Start of The data
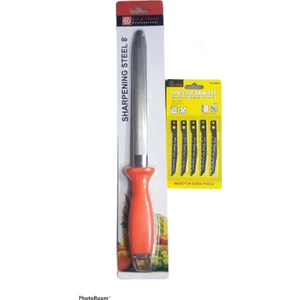 Asaf Yapı Market Yassı Masat 32 cm Soma Uçu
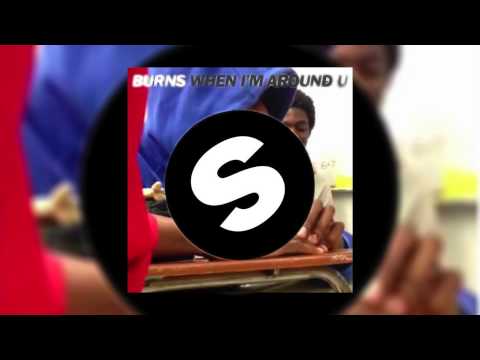 VINE & Artistic Raw vs BURNS - Sausage vs When Im Around U (Erick Zajac Mashup)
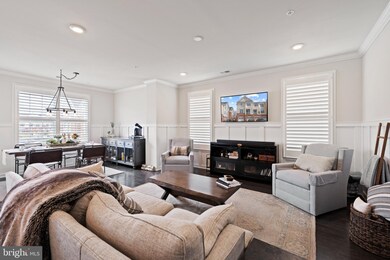 23286 Southdown Manor Terrace unit 105, Ashburn, VA 20148 - photo 7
End of The data
— Directions for this task —
Strip out the pictures and repeat the listing above exactly.

— Written solution —
 Asaf Yapı Market Yassı Masat 32 cm Soma Uçu
 VINE & Artistic Raw vs BURNS - Sausage vs When Im Around U (Erick Zajac Mashup)
 23286 Southdown Manor Terrace unit 105, Ashburn, VA 20148 - photo 7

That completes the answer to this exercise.